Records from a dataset
- - - - - - -

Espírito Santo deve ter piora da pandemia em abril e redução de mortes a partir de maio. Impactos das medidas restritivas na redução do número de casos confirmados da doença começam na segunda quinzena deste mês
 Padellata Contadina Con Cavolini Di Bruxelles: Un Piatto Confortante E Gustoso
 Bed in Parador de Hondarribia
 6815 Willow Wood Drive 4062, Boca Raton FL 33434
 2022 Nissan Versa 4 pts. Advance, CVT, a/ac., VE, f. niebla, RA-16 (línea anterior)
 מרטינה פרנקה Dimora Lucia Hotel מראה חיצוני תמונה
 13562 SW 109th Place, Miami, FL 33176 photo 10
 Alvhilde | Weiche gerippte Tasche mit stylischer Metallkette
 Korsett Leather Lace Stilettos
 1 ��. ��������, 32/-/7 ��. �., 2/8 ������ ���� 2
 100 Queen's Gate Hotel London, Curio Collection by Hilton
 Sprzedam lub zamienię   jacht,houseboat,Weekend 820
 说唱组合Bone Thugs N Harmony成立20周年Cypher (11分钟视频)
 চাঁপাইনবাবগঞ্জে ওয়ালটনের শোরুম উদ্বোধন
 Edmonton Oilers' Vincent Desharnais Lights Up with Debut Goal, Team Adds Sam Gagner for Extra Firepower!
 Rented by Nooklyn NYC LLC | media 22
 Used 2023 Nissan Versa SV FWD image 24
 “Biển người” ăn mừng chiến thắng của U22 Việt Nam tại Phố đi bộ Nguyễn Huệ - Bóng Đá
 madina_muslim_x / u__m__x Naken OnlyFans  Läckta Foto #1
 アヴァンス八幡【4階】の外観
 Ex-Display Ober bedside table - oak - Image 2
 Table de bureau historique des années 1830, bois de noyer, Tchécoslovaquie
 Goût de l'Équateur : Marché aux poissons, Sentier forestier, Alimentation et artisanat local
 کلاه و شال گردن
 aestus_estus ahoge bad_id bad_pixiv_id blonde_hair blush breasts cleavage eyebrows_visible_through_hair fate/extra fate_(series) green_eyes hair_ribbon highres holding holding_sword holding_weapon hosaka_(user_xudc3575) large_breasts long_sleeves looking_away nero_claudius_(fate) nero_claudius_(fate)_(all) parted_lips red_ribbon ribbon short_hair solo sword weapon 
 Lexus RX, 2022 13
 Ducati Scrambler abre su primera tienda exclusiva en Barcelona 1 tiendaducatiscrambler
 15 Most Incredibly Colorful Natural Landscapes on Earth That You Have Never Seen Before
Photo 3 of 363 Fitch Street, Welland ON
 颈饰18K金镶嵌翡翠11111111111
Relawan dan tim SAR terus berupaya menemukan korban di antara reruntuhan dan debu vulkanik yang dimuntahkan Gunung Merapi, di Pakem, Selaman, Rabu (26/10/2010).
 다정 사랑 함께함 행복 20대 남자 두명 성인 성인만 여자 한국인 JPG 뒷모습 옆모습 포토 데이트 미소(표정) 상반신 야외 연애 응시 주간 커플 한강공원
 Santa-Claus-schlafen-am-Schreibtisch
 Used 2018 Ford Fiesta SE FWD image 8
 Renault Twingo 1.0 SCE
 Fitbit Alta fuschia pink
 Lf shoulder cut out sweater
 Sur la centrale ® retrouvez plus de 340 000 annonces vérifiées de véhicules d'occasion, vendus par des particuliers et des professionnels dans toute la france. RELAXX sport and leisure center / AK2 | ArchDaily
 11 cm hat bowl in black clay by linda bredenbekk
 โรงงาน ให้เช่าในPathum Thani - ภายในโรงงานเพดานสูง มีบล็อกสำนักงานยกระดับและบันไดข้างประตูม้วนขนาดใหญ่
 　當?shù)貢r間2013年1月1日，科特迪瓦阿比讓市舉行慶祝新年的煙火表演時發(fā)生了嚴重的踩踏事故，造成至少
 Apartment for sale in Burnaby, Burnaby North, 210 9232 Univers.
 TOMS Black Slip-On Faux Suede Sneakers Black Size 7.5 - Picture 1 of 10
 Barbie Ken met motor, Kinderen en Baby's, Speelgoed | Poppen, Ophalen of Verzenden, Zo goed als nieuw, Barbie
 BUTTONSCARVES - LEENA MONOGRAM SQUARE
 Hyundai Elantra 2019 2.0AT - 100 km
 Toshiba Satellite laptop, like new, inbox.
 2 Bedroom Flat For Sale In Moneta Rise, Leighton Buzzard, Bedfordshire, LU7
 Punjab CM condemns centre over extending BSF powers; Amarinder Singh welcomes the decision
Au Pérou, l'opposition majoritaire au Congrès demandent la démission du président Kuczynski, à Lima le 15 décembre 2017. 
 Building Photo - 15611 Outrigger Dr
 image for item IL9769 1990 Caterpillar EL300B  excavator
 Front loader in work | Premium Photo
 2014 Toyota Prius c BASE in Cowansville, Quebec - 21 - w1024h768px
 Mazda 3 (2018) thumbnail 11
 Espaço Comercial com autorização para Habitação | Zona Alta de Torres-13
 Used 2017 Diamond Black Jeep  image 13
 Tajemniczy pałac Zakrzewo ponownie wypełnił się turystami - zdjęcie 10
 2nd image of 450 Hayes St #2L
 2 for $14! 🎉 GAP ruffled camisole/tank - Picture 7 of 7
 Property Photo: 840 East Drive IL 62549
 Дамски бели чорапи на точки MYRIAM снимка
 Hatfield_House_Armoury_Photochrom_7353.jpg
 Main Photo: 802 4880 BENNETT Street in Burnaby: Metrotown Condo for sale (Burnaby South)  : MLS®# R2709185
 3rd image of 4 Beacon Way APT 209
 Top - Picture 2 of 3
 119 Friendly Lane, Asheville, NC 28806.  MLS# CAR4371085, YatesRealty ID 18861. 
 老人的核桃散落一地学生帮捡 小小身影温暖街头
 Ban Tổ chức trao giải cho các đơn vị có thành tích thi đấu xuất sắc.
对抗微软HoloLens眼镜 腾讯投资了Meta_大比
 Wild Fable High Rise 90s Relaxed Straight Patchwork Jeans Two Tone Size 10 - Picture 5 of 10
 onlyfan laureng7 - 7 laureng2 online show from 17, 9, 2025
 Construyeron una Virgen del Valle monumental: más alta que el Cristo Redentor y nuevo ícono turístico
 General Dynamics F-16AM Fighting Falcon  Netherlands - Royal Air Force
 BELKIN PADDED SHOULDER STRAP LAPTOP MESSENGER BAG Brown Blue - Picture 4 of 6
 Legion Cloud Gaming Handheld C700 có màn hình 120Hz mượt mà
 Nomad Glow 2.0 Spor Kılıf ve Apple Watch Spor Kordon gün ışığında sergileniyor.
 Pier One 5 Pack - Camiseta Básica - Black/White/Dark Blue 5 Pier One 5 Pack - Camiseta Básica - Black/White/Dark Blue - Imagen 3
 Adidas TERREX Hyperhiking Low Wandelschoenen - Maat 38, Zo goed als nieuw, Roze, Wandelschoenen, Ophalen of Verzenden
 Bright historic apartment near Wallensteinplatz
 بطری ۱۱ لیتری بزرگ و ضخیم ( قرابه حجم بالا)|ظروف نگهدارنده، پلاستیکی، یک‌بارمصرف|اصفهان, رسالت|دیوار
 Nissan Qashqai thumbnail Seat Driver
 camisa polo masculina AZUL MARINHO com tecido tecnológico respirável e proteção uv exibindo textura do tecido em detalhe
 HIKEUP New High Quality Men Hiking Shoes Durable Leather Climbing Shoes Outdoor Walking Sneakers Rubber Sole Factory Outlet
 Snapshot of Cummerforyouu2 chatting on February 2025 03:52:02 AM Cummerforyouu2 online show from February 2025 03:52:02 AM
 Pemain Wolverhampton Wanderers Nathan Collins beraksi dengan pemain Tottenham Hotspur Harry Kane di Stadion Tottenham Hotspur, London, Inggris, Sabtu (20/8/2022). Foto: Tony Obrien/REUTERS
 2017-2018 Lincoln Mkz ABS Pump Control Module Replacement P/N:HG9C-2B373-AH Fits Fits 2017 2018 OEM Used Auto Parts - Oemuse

- - - - - - -

[Your goal] Look back at the data above. Transcribe exactly the lines starting at the line that contains "Alvhilde | Weiche" and ending at the line that contains "Edmonton Oilers' Vincent".

[Your response]
 Alvhilde | Weiche gerippte Tasche mit stylischer Metallkette
 Korsett Leather Lace Stilettos
 1 ��. ��������, 32/-/7 ��. �., 2/8 ������ ���� 2
 100 Queen's Gate Hotel London, Curio Collection by Hilton
 Sprzedam lub zamienię   jacht,houseboat,Weekend 820
 说唱组合Bone Thugs N Harmony成立20周年Cypher (11分钟视频)
 চাঁপাইনবাবগঞ্জে ওয়ালটনের শোরুম উদ্বোধন
 Edmonton Oilers' Vincent Desharnais Lights Up with Debut Goal, Team Adds Sam Gagner for Extra Firepower!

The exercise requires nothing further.